-------- GIVEN INFORMATION --------
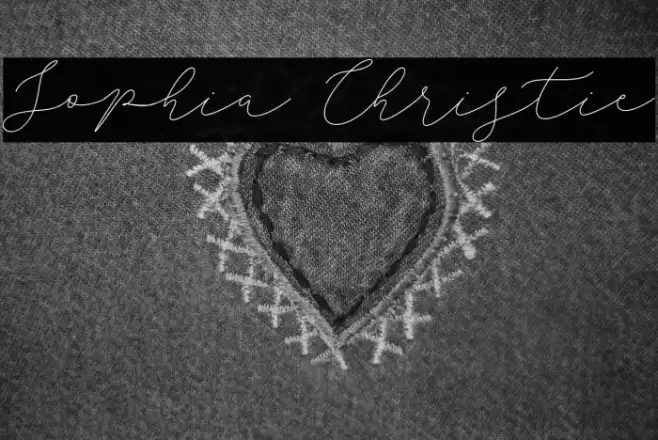 Sophia Christie Font examples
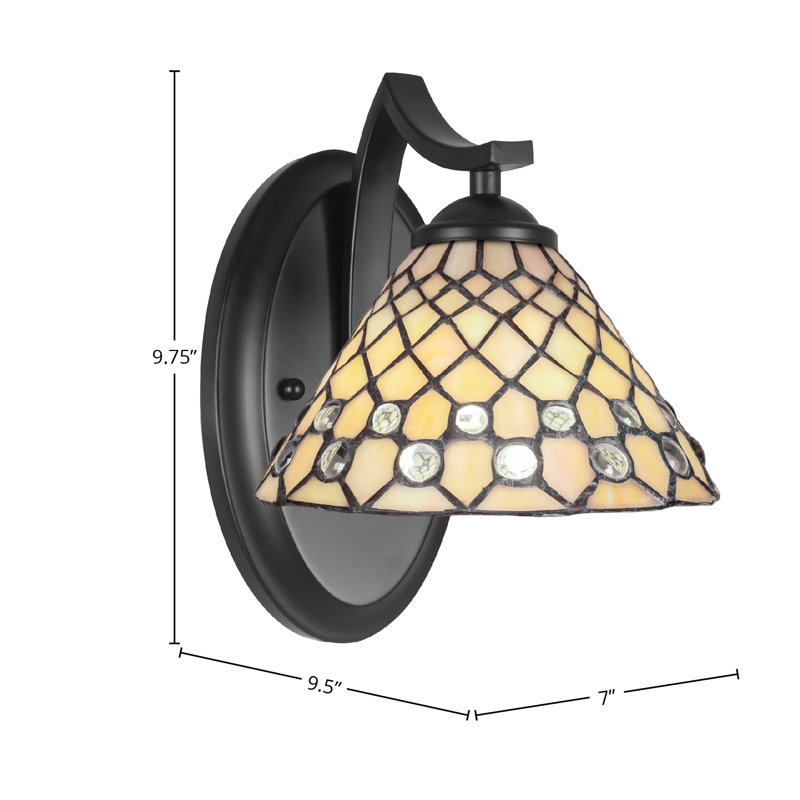 Zilo Wall Sconce, Matte Black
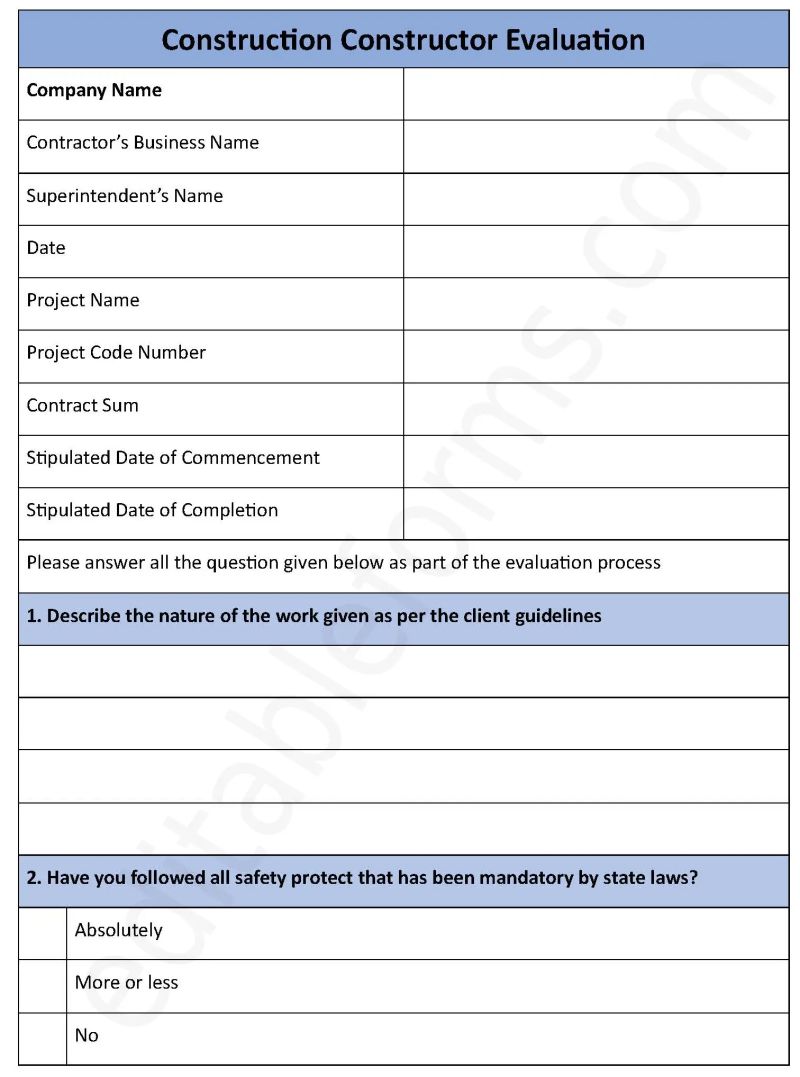 Sub Contractor Assessment Form Editable Pdf Forms - Abstract Designs - Premium Desktop Collection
--------
**YOUR INSTRUCTIONS**
Transcribe the data verbatim. No picture belongs in the result.

**FINISHED TASK**
 Sophia Christie Font examples
 Zilo Wall Sconce, Matte Black
 Sub Contractor Assessment Form Editable Pdf Forms - Abstract Designs - Premium Desktop Collection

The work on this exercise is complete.